Seen this way, neoliberal policy ("modernization) in the eyes of its defenders is merely the "necessary adjustment" of the social-economic infrastructure to the global economic developments of the last years on the basis of well-known neoliberal formulations and the correction of "malformations" through "eexcessive redistribution by social policy." Neoliberal lobby work and politics actively influence the change of the infrastructure as for example the framing conditions of the labor markets or when the solidarity social security systems are wantonly lowered and increasingly individualized or "privatized" (which usually hurts the subjective feeling of social security):

"... Politics has already introduced effective corrections, de facto pension cuts as a `demography factor' or `pensions' at 67. A good example is the capital-covered Riester pension. Constant drops hollow out the stone" (Weiss 2007).

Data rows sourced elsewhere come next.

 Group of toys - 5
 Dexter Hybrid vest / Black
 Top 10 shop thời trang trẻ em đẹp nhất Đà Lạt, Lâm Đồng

Hayek's idea of enshrining liberalism "as a dominant if not absolute principle of social organization" over a period of three generations does not seem far removed from today's reality. Randolf Rodenstock updates Hayek's approach in the neoliberal Initiative to the New Social Market Economy:

"Whoever wants to realize the New Social Market Economy must bring the whole population on board" (Rodenstock 2001).

The terrain is certainly very contested. The hierarchy of power and the structural action options have shifted through the neoliberal influenced structural change.

2.PHENOMENA OF STRUCTURAL CHANGE

"The assumption that the conduct and solidarity actions of employees stand under modernization pressure was the foundation of the Tubingen U-35 study," (Held 2011). Globalization brings increased chances but simultaneously raises "competition- and adjustment pressure in economic policy," Randolf Rodenstock said in his plea for a New Social Market Economy. Modernization should be seen as very ambivalent and can also bring growth in subjective freedom.

Four phenomena are named in the U-35 study in which modernization pressure is manifest: restructuring, subjectivization, precariousness and economization (more correctly, "commercialization").

Restructuring in the great framework of change from the industrial- to the service society is connected with the diffusion of new technologies.

The service- and knowledge society of the 21st century came out of the industrial society of the 1950s. Information- and communication technologies lead to an unparalleled innovation push. The rigid work rhythm is mostly long passe. Flexible working hours and independent work mark the daily routine of many employees (Rodenstock 2001).

Subjectivization of work can be understood as a consequence of neoliberal policy. Persons often become "entrepreneurs of their own work-power" (Moss/Pongratz 1998). Personal responsibility is especially emphasized.

"Precariousness as increased insecurity is also a consequence of the neoliberal restructuring of society. Safeguarding life risks that cannot be answered individually (for example unemployment, sickness and accidents) is increasingly "privatized." Collective public security systems are driven back in the name of "personal responsibility" and rejection of a state slandered as "patronizing or treating people as children." "Precariousness is everywhere," Pierre Bourdieu decried (1998). Jobs limited in time and part-time positions are on the advance. Precariousness has become part of a novel form of rule "based on the establishment of an insecurity that has become a general permanent state and has the goal of forcing employees to submission and acceptance of their exploitation," Bourdieu declared (1998).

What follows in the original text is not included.